Stored items from a collection

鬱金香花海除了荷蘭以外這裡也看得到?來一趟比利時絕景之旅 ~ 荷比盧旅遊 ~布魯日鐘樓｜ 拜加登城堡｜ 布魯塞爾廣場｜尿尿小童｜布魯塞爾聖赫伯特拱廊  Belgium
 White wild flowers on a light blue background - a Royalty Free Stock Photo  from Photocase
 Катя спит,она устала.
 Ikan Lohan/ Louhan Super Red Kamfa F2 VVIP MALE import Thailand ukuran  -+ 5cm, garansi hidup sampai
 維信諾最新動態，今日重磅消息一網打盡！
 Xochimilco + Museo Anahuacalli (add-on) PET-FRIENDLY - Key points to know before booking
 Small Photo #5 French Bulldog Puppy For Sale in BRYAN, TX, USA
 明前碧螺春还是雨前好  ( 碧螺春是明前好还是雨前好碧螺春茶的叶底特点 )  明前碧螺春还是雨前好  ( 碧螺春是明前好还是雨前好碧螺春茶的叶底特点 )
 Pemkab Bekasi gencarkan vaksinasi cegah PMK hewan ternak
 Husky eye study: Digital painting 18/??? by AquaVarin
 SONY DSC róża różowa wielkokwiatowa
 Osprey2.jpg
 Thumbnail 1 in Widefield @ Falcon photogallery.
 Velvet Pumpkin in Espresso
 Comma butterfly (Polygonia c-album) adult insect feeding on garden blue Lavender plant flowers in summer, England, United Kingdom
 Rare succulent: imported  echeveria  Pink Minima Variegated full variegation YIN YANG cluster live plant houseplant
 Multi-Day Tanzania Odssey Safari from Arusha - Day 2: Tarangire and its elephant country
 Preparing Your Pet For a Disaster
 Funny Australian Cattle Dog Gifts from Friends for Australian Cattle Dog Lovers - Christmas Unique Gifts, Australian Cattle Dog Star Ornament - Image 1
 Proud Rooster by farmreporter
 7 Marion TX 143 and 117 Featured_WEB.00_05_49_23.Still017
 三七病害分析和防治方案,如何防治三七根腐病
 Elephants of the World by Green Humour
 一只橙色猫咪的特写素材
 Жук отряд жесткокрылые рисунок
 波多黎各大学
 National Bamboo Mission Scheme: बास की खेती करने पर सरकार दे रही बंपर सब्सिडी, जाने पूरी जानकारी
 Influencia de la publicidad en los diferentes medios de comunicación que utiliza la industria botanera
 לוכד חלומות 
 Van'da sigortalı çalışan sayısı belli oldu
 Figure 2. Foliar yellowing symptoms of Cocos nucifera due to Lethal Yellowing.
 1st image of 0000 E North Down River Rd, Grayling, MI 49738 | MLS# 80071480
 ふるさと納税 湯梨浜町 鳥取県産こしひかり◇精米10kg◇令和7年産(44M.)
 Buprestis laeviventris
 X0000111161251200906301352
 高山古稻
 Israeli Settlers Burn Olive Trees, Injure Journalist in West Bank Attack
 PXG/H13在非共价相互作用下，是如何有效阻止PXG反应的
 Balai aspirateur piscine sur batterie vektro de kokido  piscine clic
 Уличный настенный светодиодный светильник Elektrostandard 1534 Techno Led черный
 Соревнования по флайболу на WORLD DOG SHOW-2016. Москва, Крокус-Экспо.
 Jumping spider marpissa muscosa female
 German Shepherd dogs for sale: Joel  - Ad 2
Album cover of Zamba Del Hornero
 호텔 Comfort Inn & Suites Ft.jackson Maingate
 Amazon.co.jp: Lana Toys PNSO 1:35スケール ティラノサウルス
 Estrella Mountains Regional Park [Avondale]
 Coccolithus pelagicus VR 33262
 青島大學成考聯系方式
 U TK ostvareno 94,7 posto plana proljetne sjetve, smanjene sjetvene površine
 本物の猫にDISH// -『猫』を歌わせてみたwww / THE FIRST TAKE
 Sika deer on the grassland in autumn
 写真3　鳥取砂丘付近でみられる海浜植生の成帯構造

REQUIRED WORK: Your task for the entries above: copy exactly the span starting with the line with "ふるさと納税 湯梨浜町 鳥取県産こしひかり◇精米10kg◇令和7年産(44M.)" and going on through the line with "本物の猫にDISH// -『猫』を歌わせてみたwww / THE FIRST TAKE", both lines included, and nothing else.

WRITTEN SOLUTION:
 ふるさと納税 湯梨浜町 鳥取県産こしひかり◇精米10kg◇令和7年産(44M.)
 Buprestis laeviventris
 X0000111161251200906301352
 高山古稻
 Israeli Settlers Burn Olive Trees, Injure Journalist in West Bank Attack
 PXG/H13在非共价相互作用下，是如何有效阻止PXG反应的
 Balai aspirateur piscine sur batterie vektro de kokido  piscine clic
 Уличный настенный светодиодный светильник Elektrostandard 1534 Techno Led черный
 Соревнования по флайболу на WORLD DOG SHOW-2016. Москва, Крокус-Экспо.
 Jumping spider marpissa muscosa female
 German Shepherd dogs for sale: Joel  - Ad 2
Album cover of Zamba Del Hornero
 호텔 Comfort Inn & Suites Ft.jackson Maingate
 Amazon.co.jp: Lana Toys PNSO 1:35スケール ティラノサウルス
 Estrella Mountains Regional Park [Avondale]
 Coccolithus pelagicus VR 33262
 青島大學成考聯系方式
 U TK ostvareno 94,7 posto plana proljetne sjetve, smanjene sjetvene površine
 本物の猫にDISH// -『猫』を歌わせてみたwww / THE FIRST TAKE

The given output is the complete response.